Please refer to FIGS. 3-4. In some embodiments, the drive-shaft
housing 100 is coupled to the drill collar 200 through a ball joint
120 and at least one connection pin 121. In some embodiments, the
at least one connection pin 121 is located on the ball joint 120,
and each of the at least one connection pin 121 connects the
drive-shaft housing 100 and the drill collar 200.
Due to the ball joint 120 and the at least one connection pin 121,
the drive-shaft housing 100 may rotate around the at least one
connection pin 121. The central axis of each connection pin 121 is
overlapped with the center of the ball joint 120. The drive-shaft
housing 100 may rotate around the central axis of the connection
pin 121.
Please refer to FIGS. 5-6. FIG. 5 illustrates an enlarged view of
the portion A shown in FIG. 3. FIG. 6 illustrates a schematic view
of the sliding assembly 500 fixed in the drill collar 200 in
accordance with an embodiment of the present invention.

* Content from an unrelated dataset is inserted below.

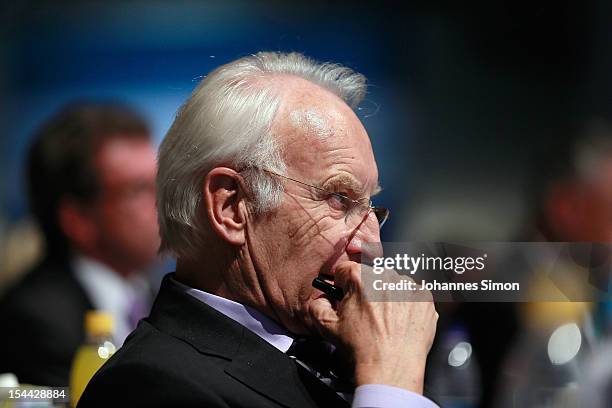 Edmund Stoiber, former Minister-President of Bavaria, listens to the speech of German Chancellor Angela Merkel during the Christian Social Union of...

The sliding assembly 500 comprises a base support 510 fixed to the
drill collar 200 and a sliding base 520 coupled to the drive-shaft
housing 100. The base support 510 defines a slide way 511 and the
sliding base 520 is slidably disposed in the slide way 511. The
actuating module 600 is coupled to the sliding base 520 and drives
the sliding base 520 to slide along the slide way 511. In some
embodiments, the sliding base 520 is also coupled to the drive
shaft 300 through the drive-shaft housing 100.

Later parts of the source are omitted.